## DESCRIPTION OF THE TASK
Every line from the one containing "Puzzle 1000 elementów" to the end of the data below should be copied exactly, but pictures should not.

## MATERIAL FOR THIS EXERCISE
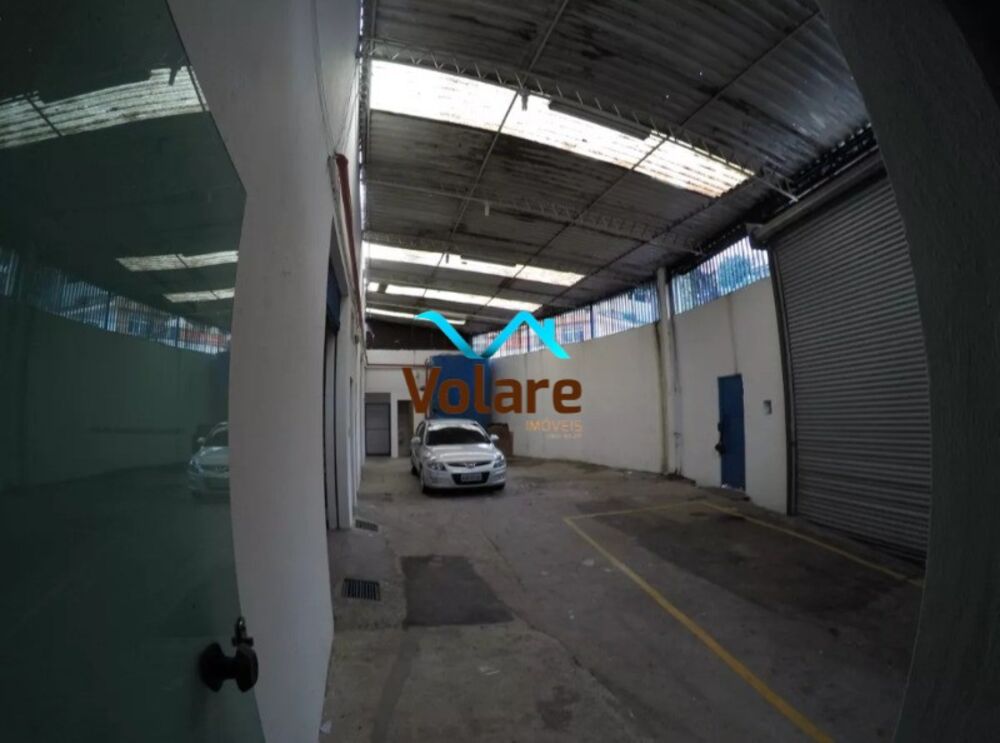 Depósito-Galpão, 1150 m² - Foto 1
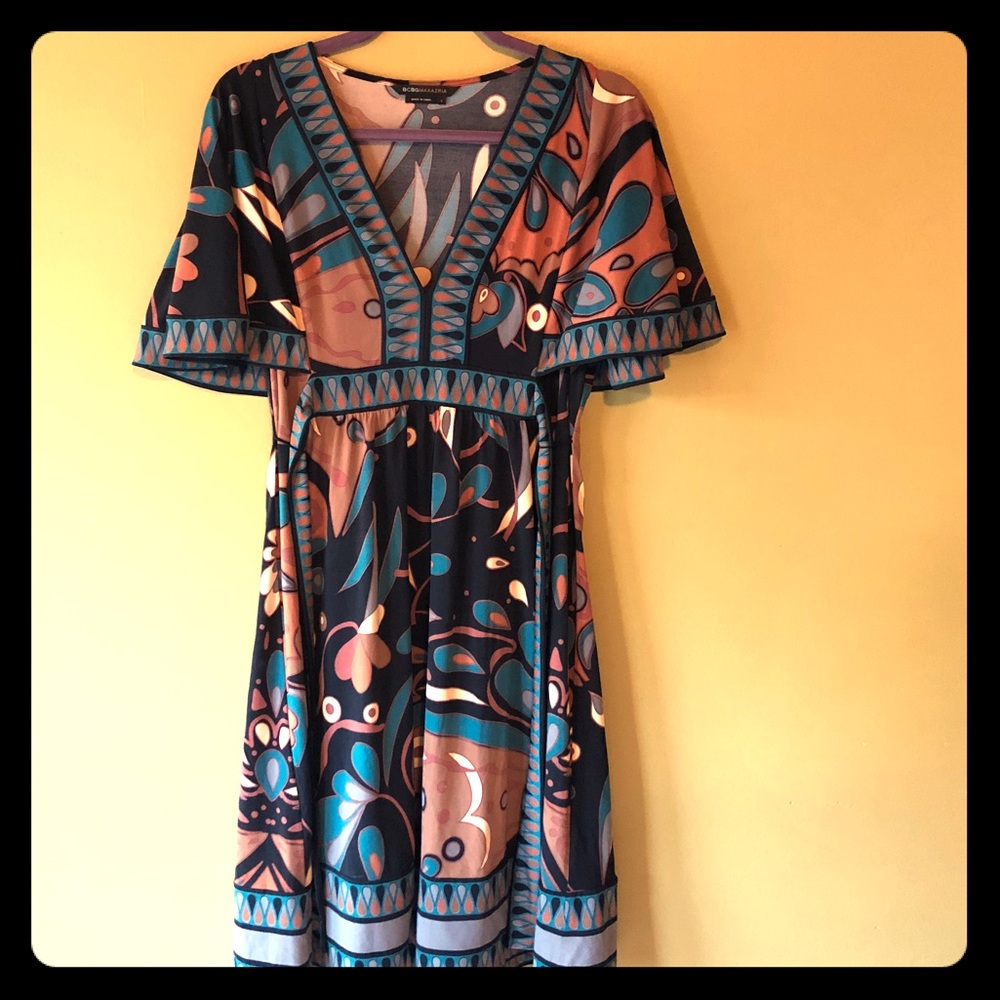 Boho Dress- bcbgmaxazria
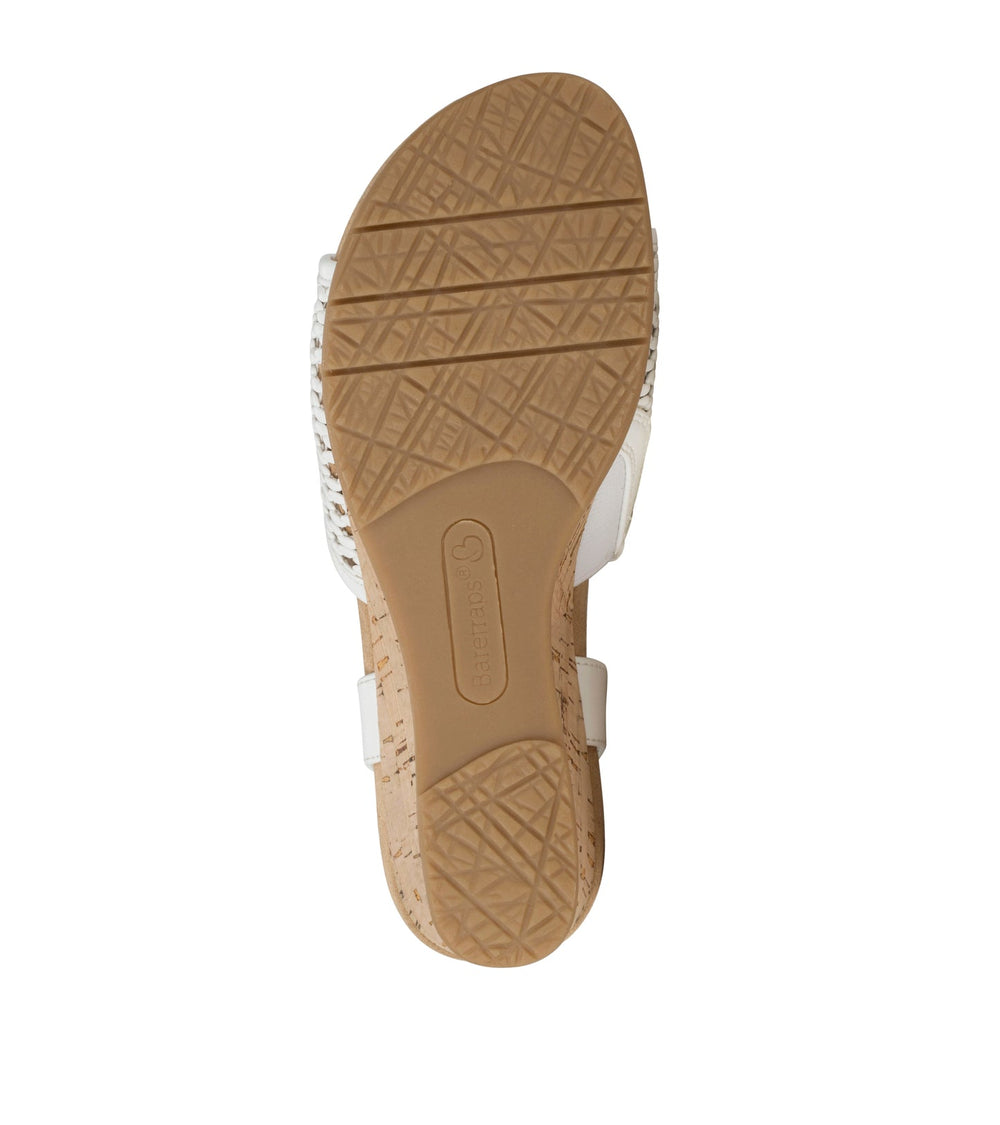 Fernelle Wedge Sandal White - Women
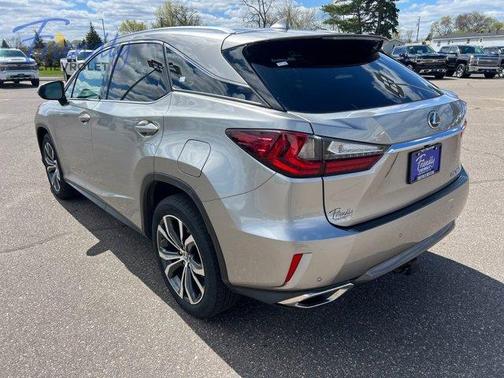 Silver 2018 Lexus RX 350 350
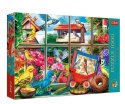 Puzzle 1000 elementów Premium Plus Quality Świat ptaków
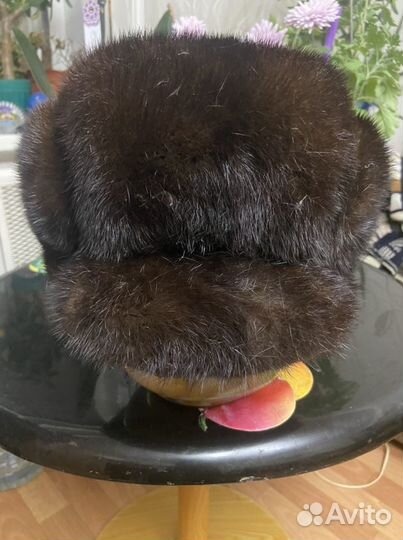 Шапка норковая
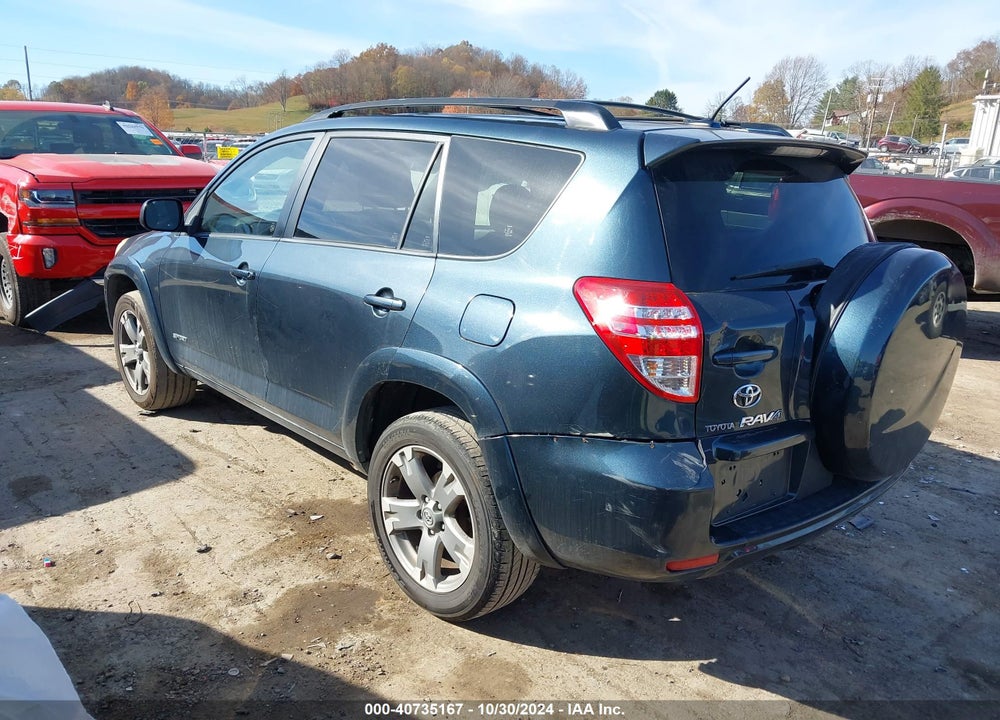 2009 TOYOTA RAV4 SPORT VIN: JTMBF32V29D000525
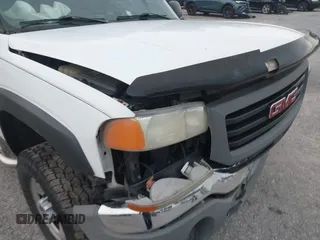 2007 GMC Sierra 2500HD Classic SLE1 with VIN 1GTHC29U77E115168, listed as a IAAI auction lot 41345086 with 161,607 mi miles. Bid and sale history available at carsss.com. Image 6.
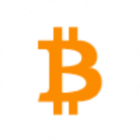 Crypto bitcoin cloud mining icon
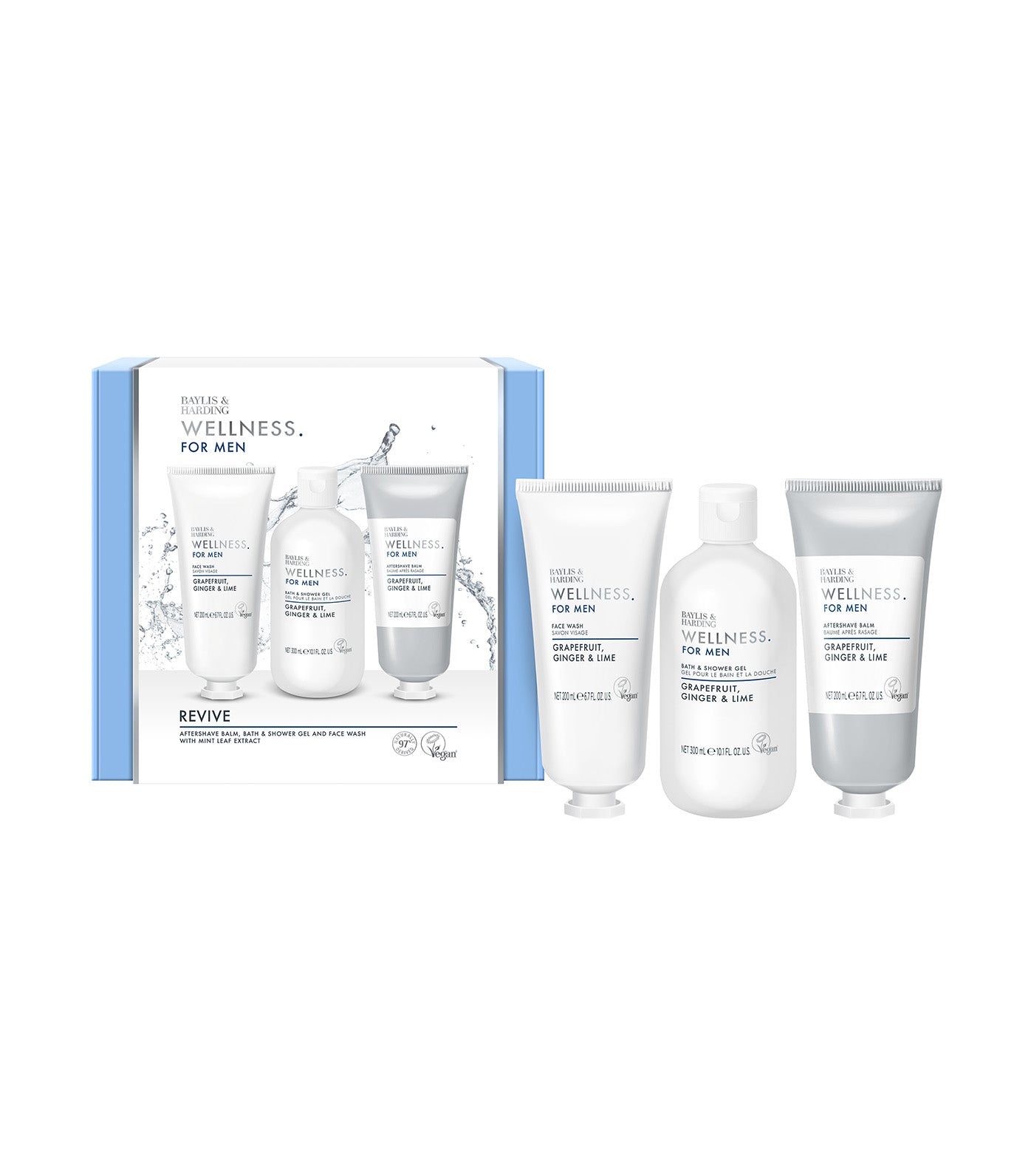 Wellness For Men Everyday Revival Kit Gift Set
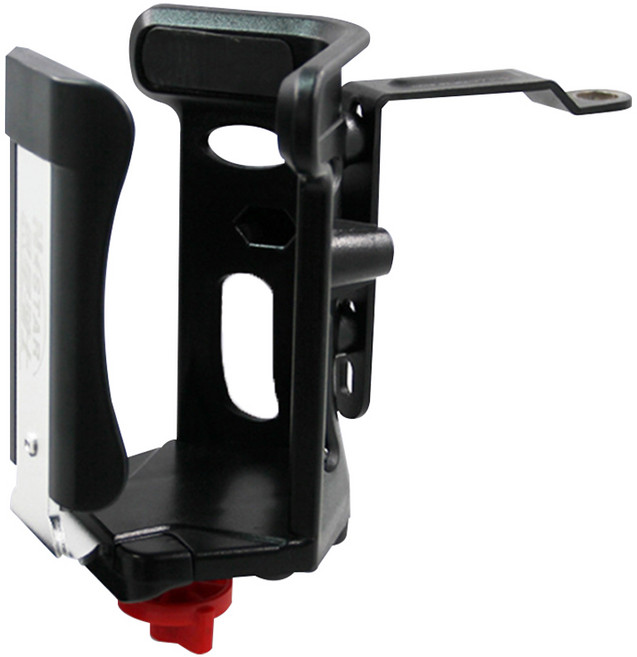 우리파파 오토바이 컵홀더 L-4, 혼합색상, 1개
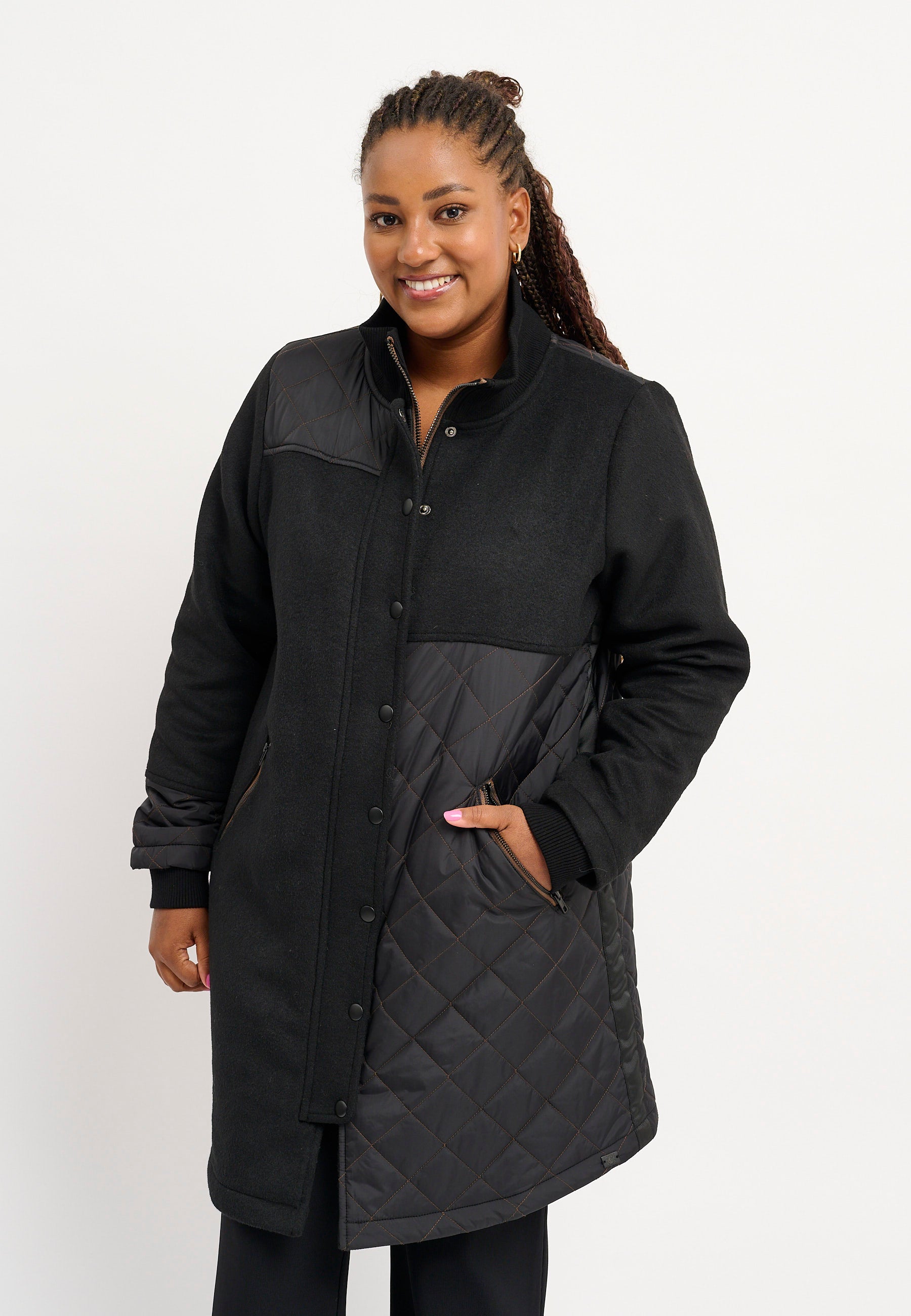 Pont Neuf PNAbby Overtøj 9999 BLACK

## THE COMPLETED TASK
 Puzzle 1000 elementów Premium Plus Quality Świat ptaków
 Шапка норковая
 2009 TOYOTA RAV4 SPORT VIN: JTMBF32V29D000525
 2007 GMC Sierra 2500HD Classic SLE1 with VIN 1GTHC29U77E115168, listed as a IAAI auction lot 41345086 with 161,607 mi miles. Bid and sale history available at carsss.com. Image 6.
 Crypto bitcoin cloud mining icon
 Wellness For Men Everyday Revival Kit Gift Set
 우리파파 오토바이 컵홀더 L-4, 혼합색상, 1개
 Pont Neuf PNAbby Overtøj 9999 BLACK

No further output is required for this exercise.